Appellants argue that they need not exhaust any administrative remedies because such an effort would be futile[2] in that the relief they request, a declaration that § 1-1182(b) is unconstitutional, has already been refused by the Board. But this argument by appellants in our view misconstrues the nature of the administrative relief available to them. Since appellants are only harmed by application of the allegedly unconstitutional statute to themselves, *307 if they obtain through administrative processes an exemption from its requirements there can be no potential injury to them[3] and consequently there is no reason for us to determine the statute's constitutionality.[4] As the District of Columbia Circuit Court of Appeals noted in Hadnott v. Laird, supra, 149 U.S.App.D.C. at 364, 463 F.2d at 310:

[I]t would be particularly inappropriate for this court to involve itself with such constitutional claims at this point.

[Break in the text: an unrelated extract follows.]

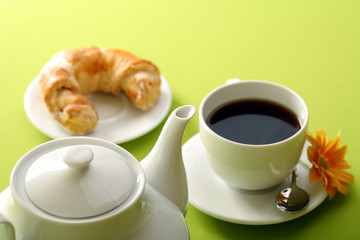 Breakfast concept with coffee and croissant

Involvement might well be unnecessary, if the plaintiffs pursued the range of alternatives available to them . . . .

Hence we are not persuaded that the general rule, requiring exhaustion of all administrative remedies before resort to judicial action is allowed, should be relaxed in this case. If appellants apply for an exemption and it is granted, judicial relief from the allegedly unconstitutional requirements is unnecessary. See McKart v. United States, supra, 395 U.S. at 195, 89 S. Ct. 1657; Camp v. Herzog, supra, 88 U.S. App.D.C. at 374, 190 F.2d at 606. If the exemption is refused appellants may then proceed accordingly.[5]

Affirmed.

NOTES

[1] Section 1-1182(b) provides in pertinent part:

[E]ach officer and employee of the District of Columbia government who performs duties of the type generally performed by an individual occupying grade GS-15 of the General Schedule under section 5332 of title 5, United States Code, or any higher grade or position (as determined by the Board regardless of the rate of compensation of such individual), shall file with the Board . . . [enumerated tax and other personal financial data for the preceding calendar year] . . . before the fifteenth day of May in each year. . ..

[2] See American Federation of Government Employees v. Acree, 155 U.S.App.D.C. 20, 23-24, 475 F.2d 1289, 1292-93 (1973).

[3] Appellants also appear to contend that merely going through the act of applying for an exemption is in itself an injury. But, in the first place, the making of such an applition is within the legislature's power to require. Cf. Buckley v. Valeo, 424 U.S. 1, 96 S. Ct. 612, 654-61, 46 L. Ed. 2d 659 (1976). And to hold that being forced to exhaust an administrative remedy is a separate injury amenable to judicial action before the exhaustion requirement is fulfilled would be to eliminate the "exhaustion doctrine" entirely, which we decline to do.

[4] We can find no authority for the proposition advanced by appellants that filing for exemptions would be admitting that the statute they challenge is constitutional. We note that appellants here would only utilize the exemption provision of the regulation in order to pursue their administrative remedies; if unsuccessful in obtaining their exemption, then the filing requirements of the statute might be attacked separately on the constitutional grounds they urge.

[5] We need not reach and therefore express no opinion as to the merits of appellants' claim that the statute is unconstitutional because (1) the statute violates appellants' Fourth Amendment right against warrantless searches and seizures; (2) the statute deprives appellants of liberty without due process of law in violation of the Fifth Amendment in that it invades their privacy and is overly broad; and (3) the statute violates appellants' Fifth Amendment privilege against self-incrimination.